La comunicación entre escuela y familia es otro componente esencial. Un sistema sencillo de avisos, canales de contacto claros y participación periódica en reuniones contribuye a generar mayor confianza. Cuando las familias se sienten integradas en la vida escolar, detectan antes los conflictos y colaboran en su resolución.

La prevención no se limita a reaccionar ante un episodio violento; también implica anticipar situaciones a través de la observación atenta de señales. Cambios bruscos en el comportamiento, ausencias repetidas, aislamiento, discusiones frecuentes o retraimiento son indicadores que pueden analizarse en equipo. Esta mirada conjunta favorece respuestas más rápidas y evita que los conflictos escalen.

El fortalecimiento de la seguridad escolar no es solo una tarea institucional; es un proceso compartido entre estudiantes, docentes, familias y comunidad. Las escuelas que lograron reducir la violencia no lo hicieron con medidas costosas, sino con estrategias consistentes, apoyo mutuo y una clara intención de construir ambientes más estables. El objetivo no es eliminar por completo los conflictos, sino generar condiciones para que se gestionen de forma saludable.

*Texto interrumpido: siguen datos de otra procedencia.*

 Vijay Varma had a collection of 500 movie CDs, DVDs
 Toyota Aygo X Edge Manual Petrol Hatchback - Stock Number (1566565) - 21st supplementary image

Reconocer el problema, escucharlo y abordarlo con acciones concretas y accesibles puede transformar de manera significativa la experiencia escolar. La convivencia pacífica no surge de la casualidad: se construye todos los días mediante decisiones pequeñas, prácticas sostenidas y un compromiso asumido por toda la comunidad. Allí donde la seguridad mejora, la asistencia crece y el aprendizaje florece.